Yesterday I was on the tube around 8 a.m. and learned that there are actual people who get up and go places at 8 a.m. on a Saturday. There is this whole other London full of early risers that I will never be a part of, unless, of course, there’s a show I want to see. On Saturday it was Wicked. I have already seen Wicked three times back in Chicago, but it’s been a while, and as the girl at the front of the day seat queue who has seen the show 18 times could attest, one can never see Wicked too many times. I was a little worried about the day seat queue, as the Theatre Monkey called it “The most notorious day seat line in London. Battle the obsessive fans and you could get lucky.” But I also heard the demand is not as high now that the show has been there a while, so I decided to take my chances and arrive at 8:40. An hour and 20 minutes is about as long as I’m willing to wait for theatre tickets. There were about 15 people ahead of me and since there were two performances on Saturday, I knew I was in. The guy in front of me did not seem like a chatter, so I put on my headphones and played games on my phone. At around 9 a.m. the guy’s friend arrived and for a second I almost accused her of pulling Larry David’s infamous “chat and cut.” But before I went all Will from The Inbetweeners at Thorpe Park, I thought about it.

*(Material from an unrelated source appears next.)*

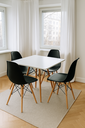 Ver imagem 1 de Jogo Mesa Sala Cozinha Jantar Quadrada Eiffel Mdf Branco 90cm e 4 Cadeiras Charles Eames Pretas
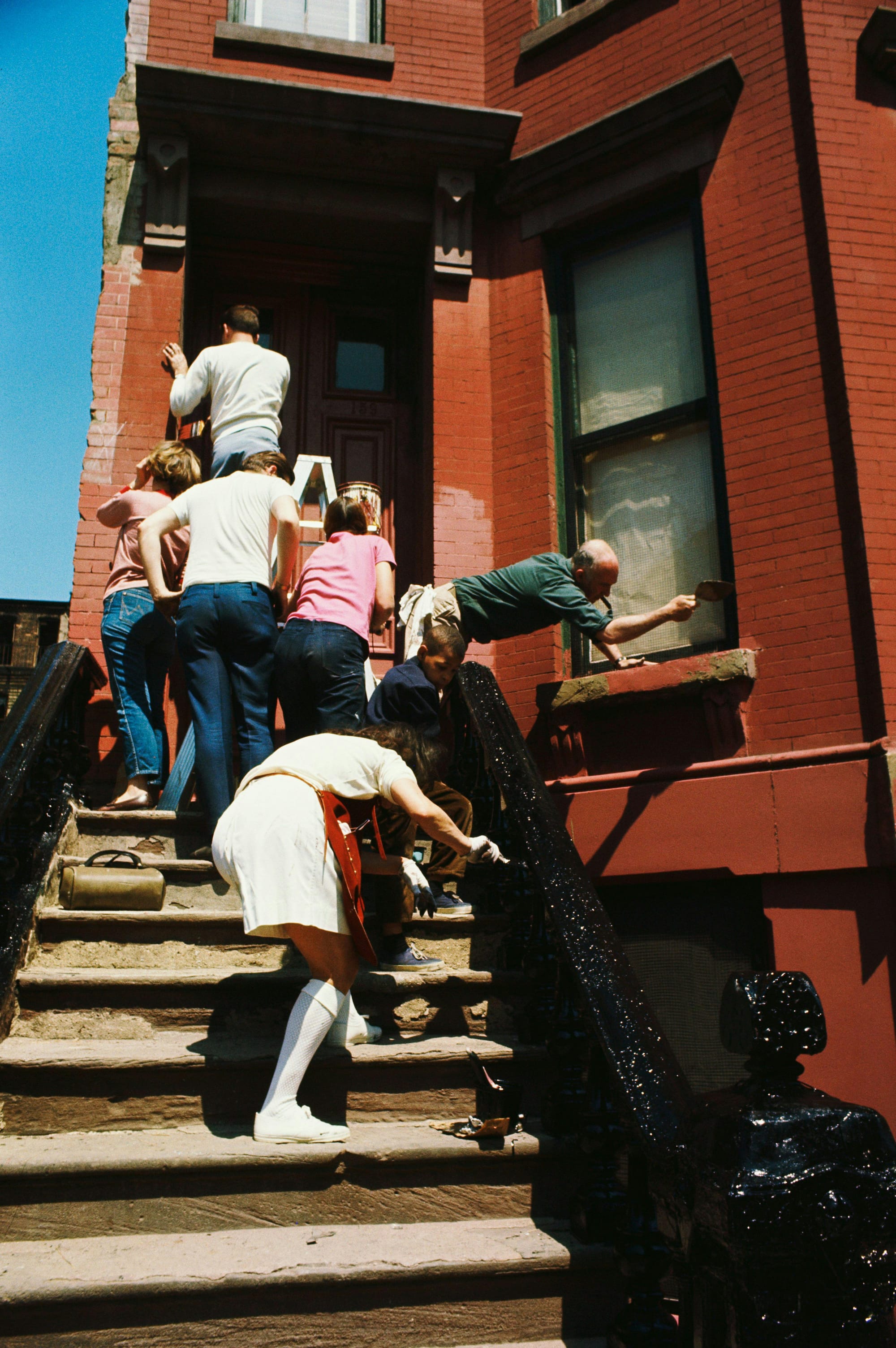 People paint the sides of a brownstone building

will inbetweeners pushed in
Every person in the queue is allowed to buy up to two tickets. So it didn’t matter whether the guy was by himself and bought two tickets, or he and his friend each bought one. So I let it slide. They ended up being entertaining Germans who would randomly break into a Book of Mormon song and then go back to speaking in Deutsch. Never a dull moment in a day seat queue.

wicked london day seats

10 a.m. finally rolled around, the box office opened, and I scored two front row center seats for the Wicked matinee, reminding me why I torture myself by waking up early to stand against a wall for over an hour — sweet, sweet cheap front row seats. It was my 17th West End show (I know my last post said I’ve seen 15, but I forgot about Charlie And The Chocolate Factory The Musical I saw in June last year). The performance was brilliant and I think my friend really enjoyed it, even though her bus got stuck in traffic. She arrived one whole minute late and the usher made her watch the beginning of the show on a tiny TV before seating her 25 minutes in. 2014 is the year of the bus in London, and while buses are cheaper than the tube and often more direct, they’re completely unreliable when you need to be somewhere by a specific time. That’s why I walked the three miles to the theatre. It took me an hour and I sweated out my nice dress, but I’ve been burned by buses too many times. (I also successfully ran home after buying the tickets without wiping out, a great victory!)